• _Task to complete_
Go through the data and copy each line where the string "featuring" appears.

• _Records to process_
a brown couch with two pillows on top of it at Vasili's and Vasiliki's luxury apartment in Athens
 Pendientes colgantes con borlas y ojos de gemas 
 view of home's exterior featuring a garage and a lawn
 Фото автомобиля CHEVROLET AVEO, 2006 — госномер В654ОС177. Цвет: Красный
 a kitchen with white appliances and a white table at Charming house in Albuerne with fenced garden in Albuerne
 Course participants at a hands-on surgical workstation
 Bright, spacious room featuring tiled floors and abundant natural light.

• _Your solution_
 view of home's exterior featuring a garage and a lawn
 Bright, spacious room featuring tiled floors and abundant natural light.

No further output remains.